_Exercise instructions_: Output the entries that follow character for character. Leave every image out.

_Supplied information_:
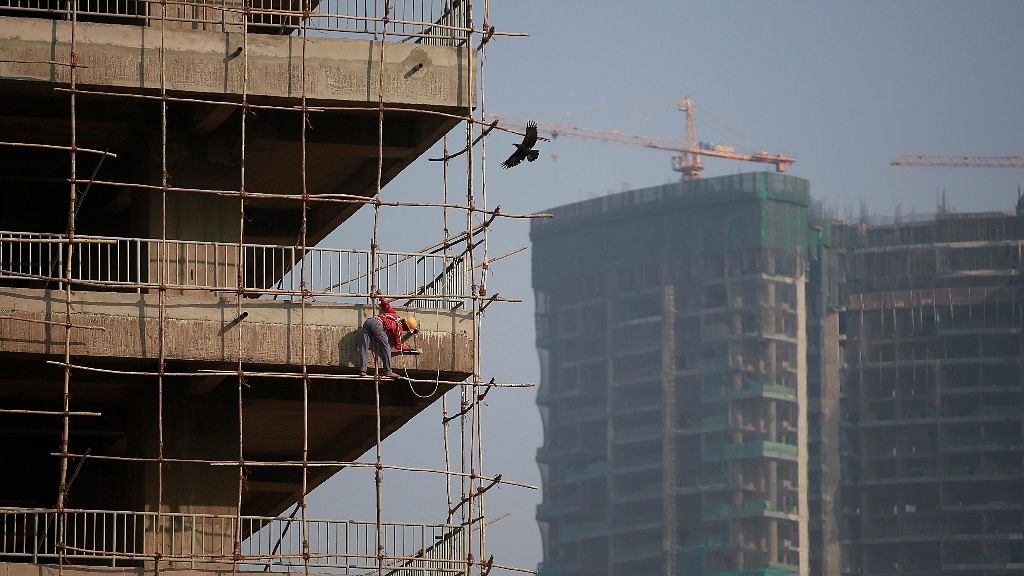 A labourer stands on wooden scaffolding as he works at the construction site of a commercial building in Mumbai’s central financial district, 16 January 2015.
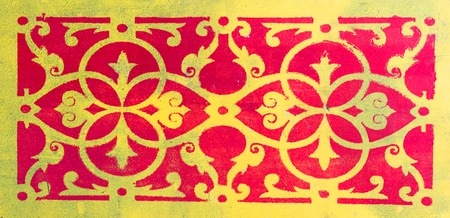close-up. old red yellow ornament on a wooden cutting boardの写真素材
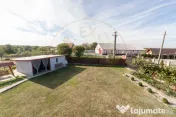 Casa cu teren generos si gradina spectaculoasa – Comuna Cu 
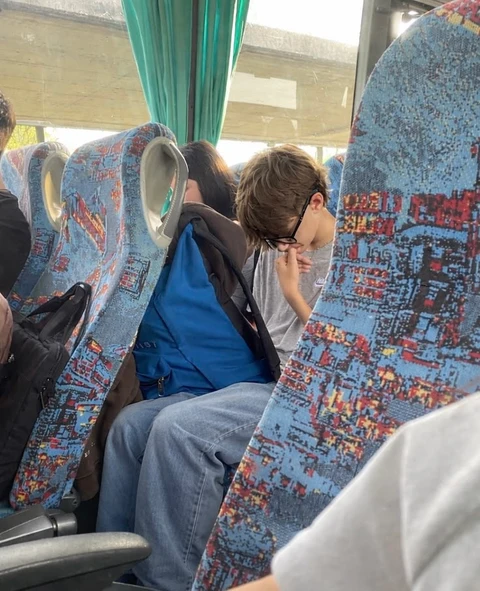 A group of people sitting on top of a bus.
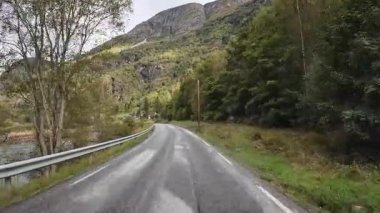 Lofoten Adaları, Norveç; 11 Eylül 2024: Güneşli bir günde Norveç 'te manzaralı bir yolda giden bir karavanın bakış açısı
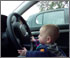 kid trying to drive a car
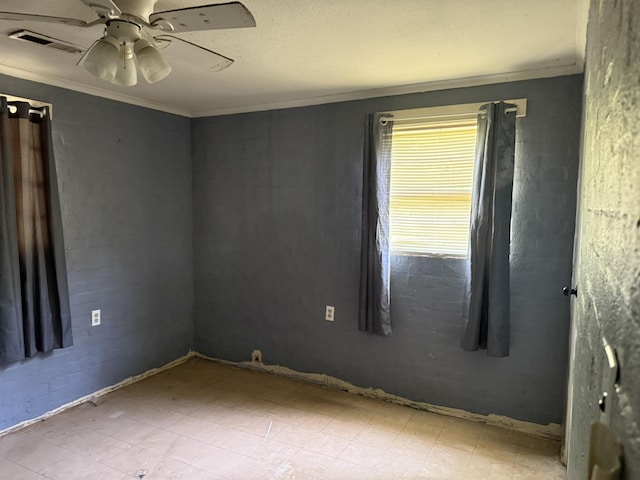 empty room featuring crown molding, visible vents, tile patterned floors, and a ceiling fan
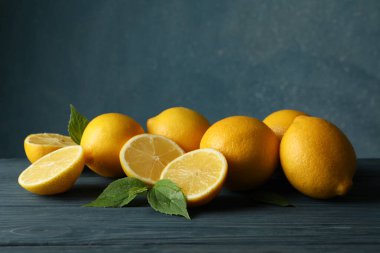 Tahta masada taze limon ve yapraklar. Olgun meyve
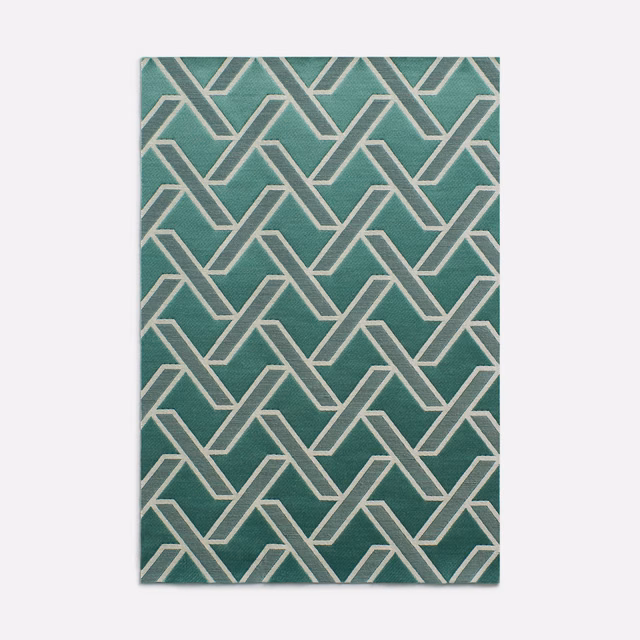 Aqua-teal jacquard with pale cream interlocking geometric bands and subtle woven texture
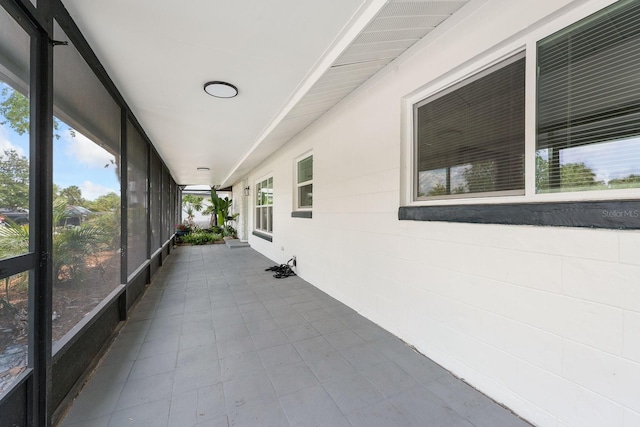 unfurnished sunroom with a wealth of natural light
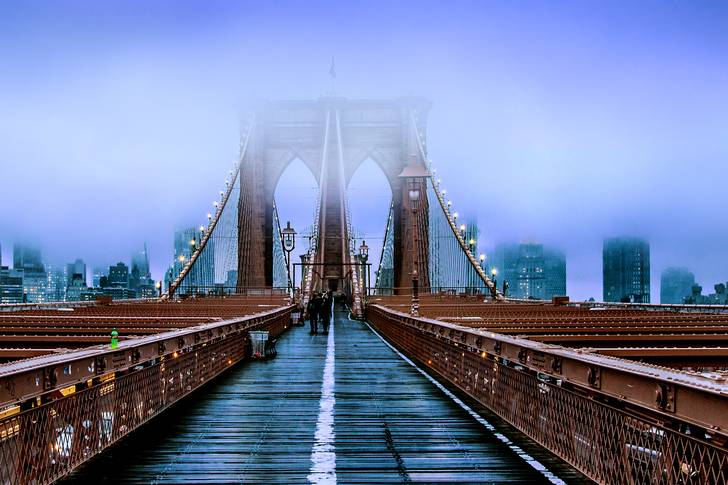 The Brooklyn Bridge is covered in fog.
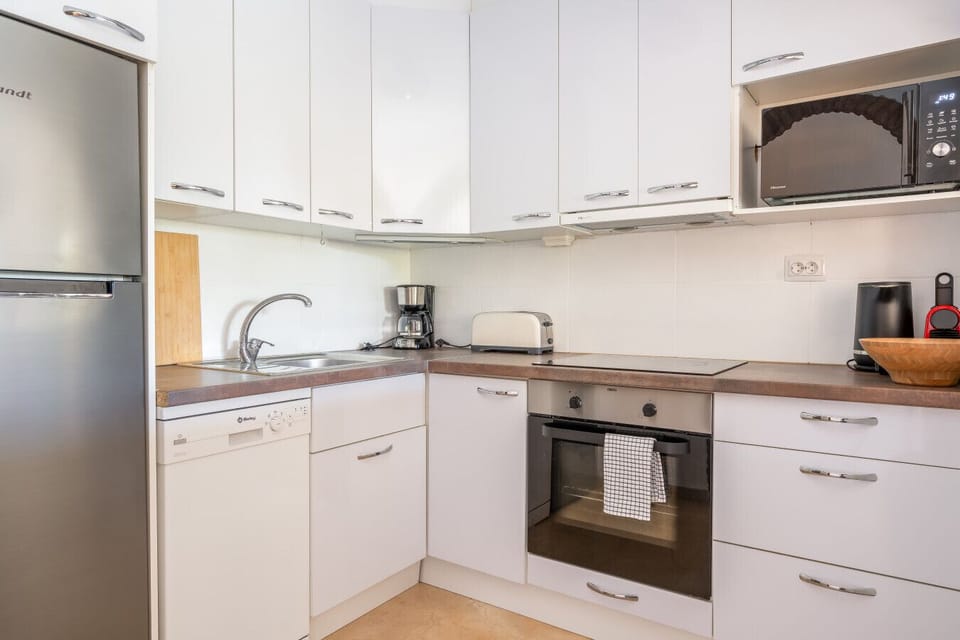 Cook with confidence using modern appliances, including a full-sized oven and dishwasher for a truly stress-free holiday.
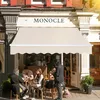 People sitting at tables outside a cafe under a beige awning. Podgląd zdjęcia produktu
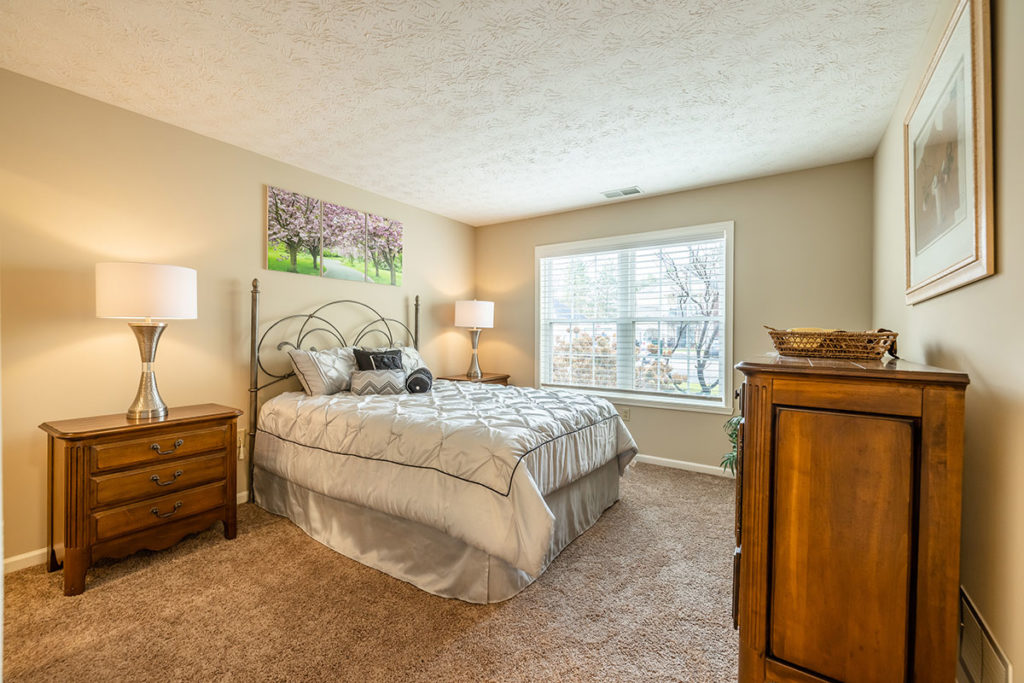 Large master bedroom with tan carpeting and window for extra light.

_Answer space_:
 A labourer stands on wooden scaffolding as he works at the construction site of a commercial building in Mumbai’s central financial district, 16 January 2015.
close-up. old red yellow ornament on a wooden cutting boardの写真素材
 Casa cu teren generos si gradina spectaculoasa – Comuna Cu 
 A group of people sitting on top of a bus.
 Lofoten Adaları, Norveç; 11 Eylül 2024: Güneşli bir günde Norveç 'te manzaralı bir yolda giden bir karavanın bakış açısı
 kid trying to drive a car
 empty room featuring crown molding, visible vents, tile patterned floors, and a ceiling fan
 Tahta masada taze limon ve yapraklar. Olgun meyve
 Aqua-teal jacquard with pale cream interlocking geometric bands and subtle woven texture
 unfurnished sunroom with a wealth of natural light
 The Brooklyn Bridge is covered in fog.
 Cook with confidence using modern appliances, including a full-sized oven and dishwasher for a truly stress-free holiday.
 People sitting at tables outside a cafe under a beige awning. Podgląd zdjęcia produktu
 Large master bedroom with tan carpeting and window for extra light.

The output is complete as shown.